头顶的树枝传来簌簌声响,林争渡抬起头来,看见一只肥硕的松鼠四肢并用死死扒在树干上,被暴雨淋得尾巴都湿了,正在瑟瑟发抖。
但是因为那边近在咫尺的激烈战斗,松鼠害怕得半死也不敢跑。
林争渡伸手把它从树皮上‘扣’下来,放到自己膝盖上。隔绝暴雨的屏障也分给了松鼠一部分,一人一鼠各自抱紧自己,等待这场暴雨和暴斗的结束。
过了好一会儿,大雨里野兽的嘶吼声渐弱。
林争渡扒住树干探头出去,只见那只硕大的老鹰倒在地面上,两条蛇则慢慢游回了洞穴里。
雨势仍旧很大,老鹰的身体因为重伤而变回了普通老鹰大小——虽然看起来仍旧很大。蛇不知道为什么没有吃掉它,大约是因为食物储备充足,又或者是因为已经开智,出于对旗鼓相当对手的尊重。

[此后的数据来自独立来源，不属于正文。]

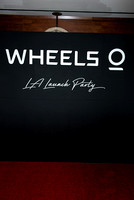 Wheels Event W/The Chainsmokers 3-14-19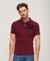 VINTAGE ATHLETIC POLO SHIRT
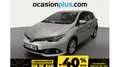 Toyota Auris hybrid 140H Active Plateado - thumbnail 1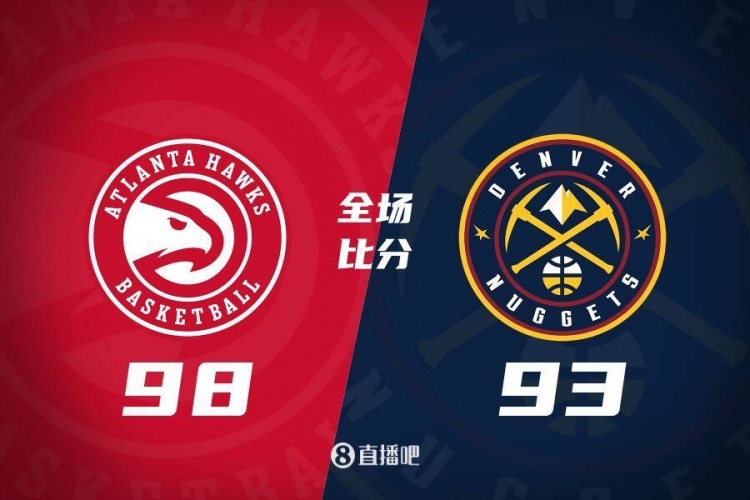 夏聯(lián)-馬丁21分 巴夫金17+6 吉萊斯皮16分 老鷹力克掘金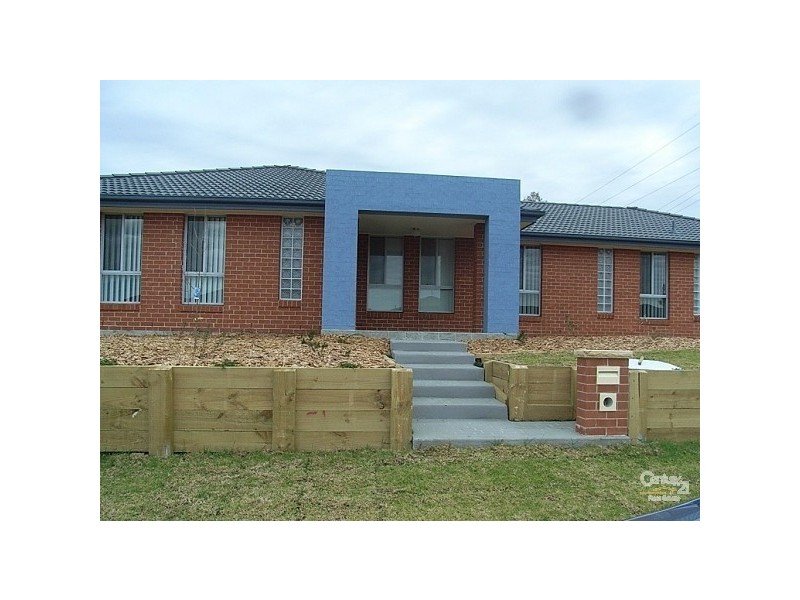 1 Kalinda Place, Tamworth NSW 2340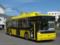 Движение столичного троллейбуса №43 временно изменится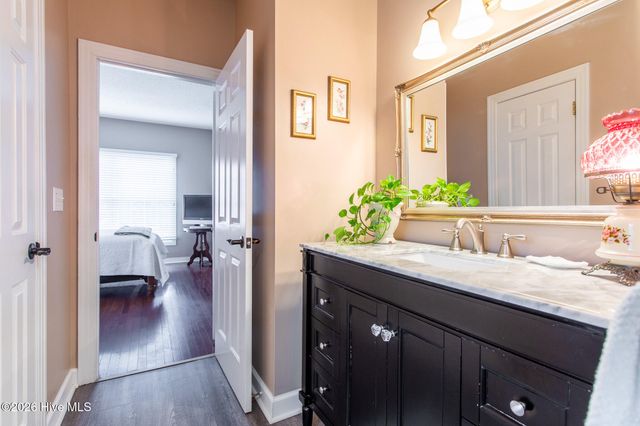 422 Albemarle Boulevard 14a, Hertford, NC 27944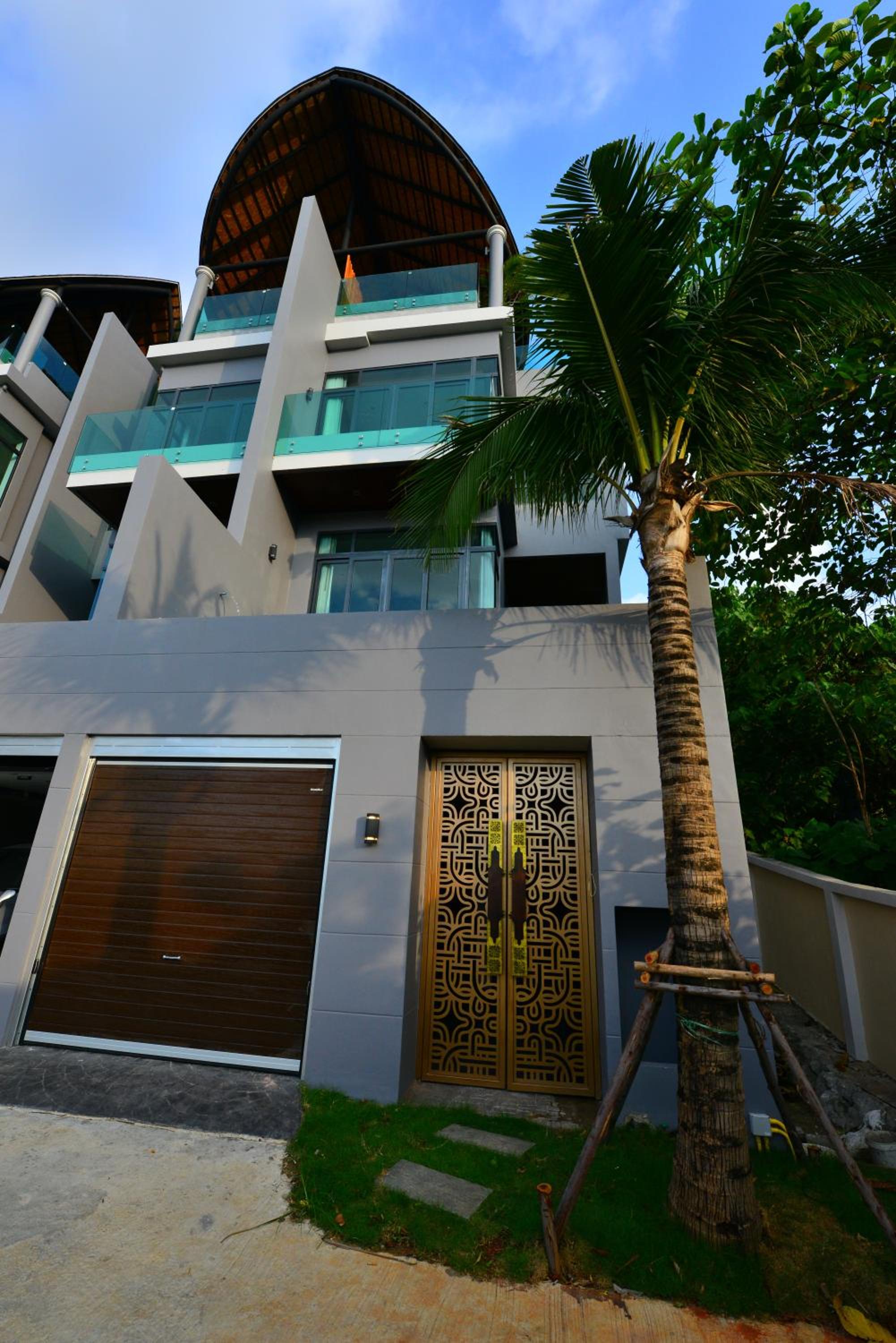 Villa with Private Pool - Two bedrooms  - Photo 21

松鼠在‘大战’结束之后迅速恢复了敏捷,重新变得毛茸茸的尾巴甩了林争渡一裙子的泥水,它自己却飞快的跳上树干跑走了。
林争渡理了理裙摆,走到老鹰面前,半跪下来查看它的情况:致命伤在脖颈处,翅膀和颈骨都被绞断了,羽毛凌乱飞得到处都是。
已经死了,尸体却还留有一点余温。
林争渡把它放进药篓里,给盖了几片叶子,有血从老鹰喙边流到林争渡手上,顺着她皮肤的纹路流淌,温热的滚过她手腕。
啪嗒。
血滴到剑身上,没留下痕迹——谢观棋收剑时剑尖从妖物胸口勾出一枚幽蓝通透的心脏。妖物心口被剑气破开的洞里鲜血喷涌宛如喷泉,有不少都喷到了谢观棋衣服上。
不过大部分都和今夜的暴雨一起被他周身火灵蒸发。
即使有少数溅到身上,也因为谢观棋穿的是黑衣而并不明显。
他将那枚心脏放入腰间乾坤袋里,面前体型数倍于他的妖物轰然倒下,掀起一片腥气厚重的泥水。
妖物倒下之后便一动不动,好似已经死透。谢观棋提剑上前,黑色长靴踩上妖物身体;坚硬的靴底将肉身踩塌下去一块,看起来就很痛。
这时,怪物额头上突然睁开一只眼睛,怒吼一声合臂抱向谢观棋!
令人胆战心惊的兽吼声只叫到一半就被打断;谢观棋的剑再度精准没入妖物眉心,从里面勾出第二枚心脏——犬云这种妖物生来即有二命,二命落于两颗心脏之上。
刚才倒下只是装死,想引诱谢观棋靠近之后再将其扑杀。
谋划得很好,只可惜碰上谢观棋这种远战和近战都很擅长的剑修,贴脸肉搏也没打过,最后两颗心脏都被谢观棋挖走。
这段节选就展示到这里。